Porque José Robles Pazos no
era comunista pero sí fue republicano. Perdió la vida seguramente por hablar mucho y saber demasiado según los rigurosos cálculos que acabaron con él y con otros muchos disidentes de la familia marxista. Entre los disidentes que no perdieron la vida pero sí se sacudieron la fe comunista y hasta la confianza en personas intoxicadas estuvieron John Dos Passos y George Orwell. En ambos funcionó antes la repulsa moral que la ventaja política al ir descubriendo uno y otro las operaciones que eliminaron a los disidentes del estalinismo. No capitularon ante la obnubilación moral interesada ni creyeron en la maquinaria propagandista que alió al POUM y a Andreu Nin con los fascistas. Hemingway sin embargo parece resignarse a la barbarie de la guerra y es ese mismo sentimiento (la barbarie) el que daña la confianza de Dos Passos, como se cuenta aquí con pulcritud, hacia Julio Álvarez del Vayo, y desde luego explica la ruptura personal entre John Dos Passos y Hemingway en 1937. Dos Passos abandonó el rodaje del documental Tierra española porque lo implicaba en el silencio de los asesinatos que conocía, y de ahí arranca una enemistad duradera: no creyó en las purgas del PCE como valor incondicional de la defensa de la República. Martínez de Pisón ni condena ni arremete contra los comunistas pero presta los datos para entender la razón que justificó los crímenes a favor de una causa mayor, y esa causa no era exactamente la República sino la ortodoxia comunista.

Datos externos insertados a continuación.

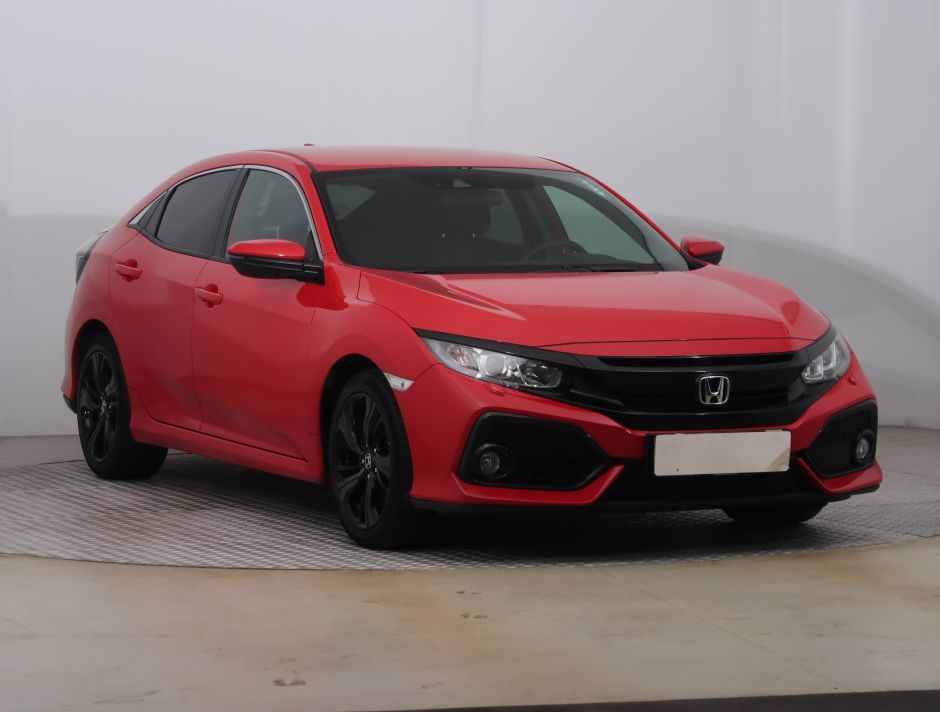Honda Civic - 2019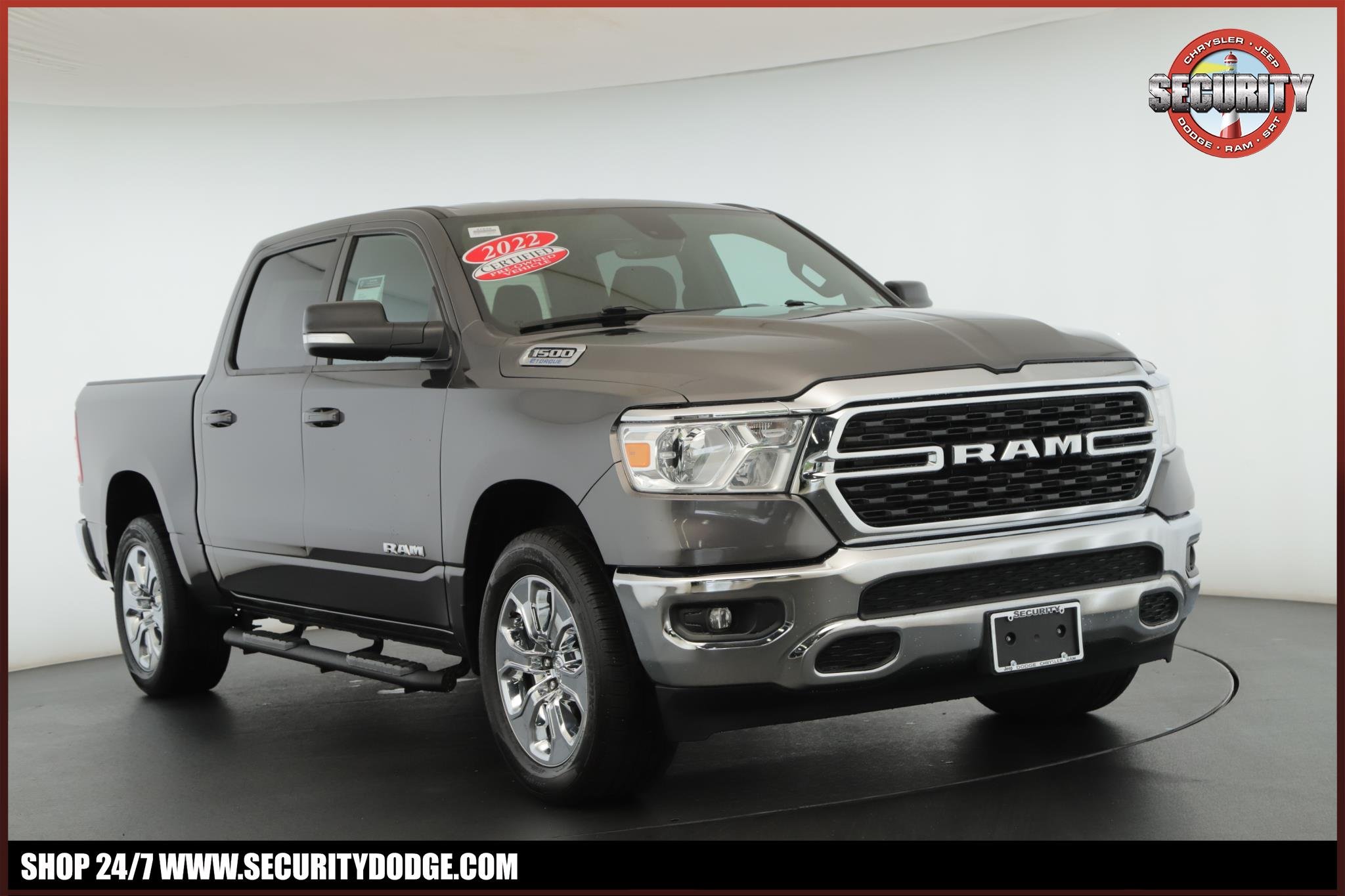 2022 RAM Ram 1500 Pickup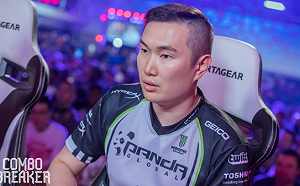 重返賽場！韓「銀佛」Infiltration宣布參賽EVO 2019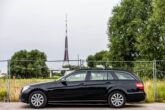MERCEDES BENZ E220
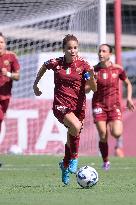 - Serie A Femminile - AS Roma vs US Sassuolo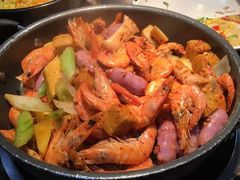 -猪啊牛呀羊啊铜盘烤肉(正大广场店)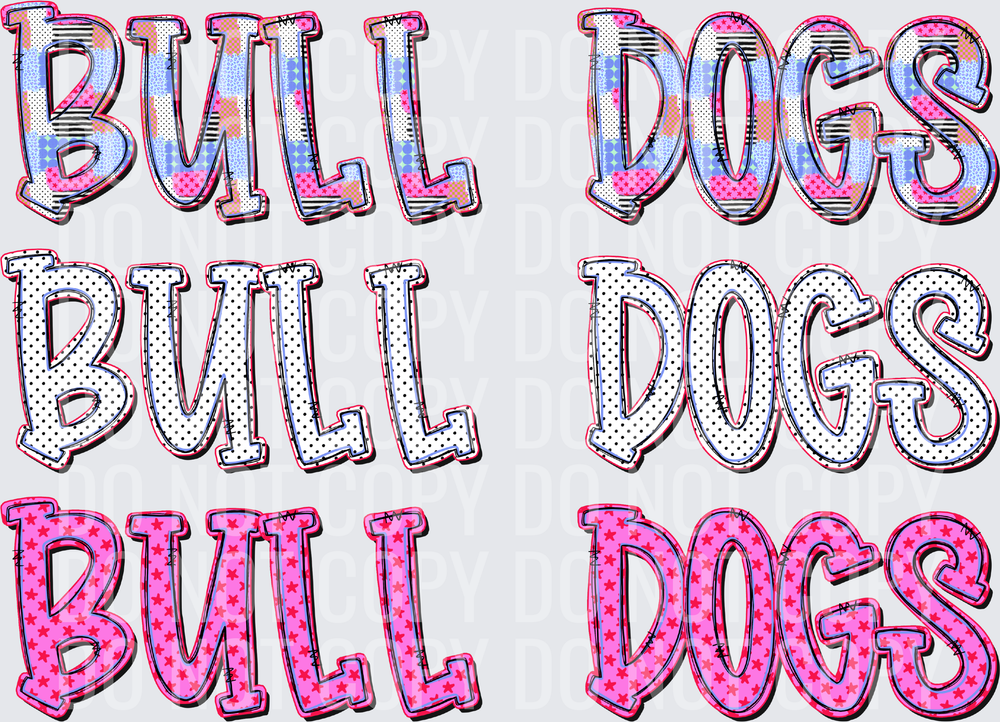 BULL DOGS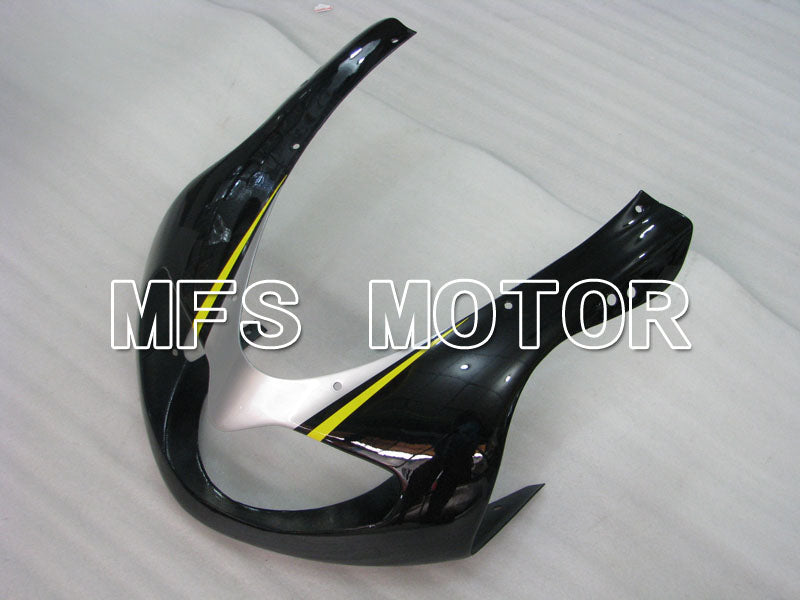 Suzuki TL1000R 1998-2003 Injection ABS Fairing - Factory Style - Black Silver - MFS2827 - Fairings Kit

La moral totalitaria (incluida la
de izquierdas) es el duro hueso de este libro y el que más ánimos habrá de excitar, como excitó el repudio de la izquierda hacia George Orwell durante mucho tiempo (¿no se interrogaba sobre cosas semejantes Martin Amis mientras escribía, pensando en su padre, Koba el temible?). La toxina totalitaria lleva siempre el arma montada y desquicia con ella el delicado sistema interior de pesos y medidas morales. Este libro lo ha escrito un hombre alérgico a la moral del totalitarismo, capaz sin embargo de razonarlo tanto como de reprobarlo, sin dar lecciones a nadie ni rebajar tampoco a mera maldad lo que fue una fe ideológica: mientras John Dos Passos no paró hasta descubrir qué y quién había matado a su amigo Robles -y esa peripecia la trata aquí un gran narrador-, Hemingway quizá no debió llegar nunca a comprender por qué tanto alboroto.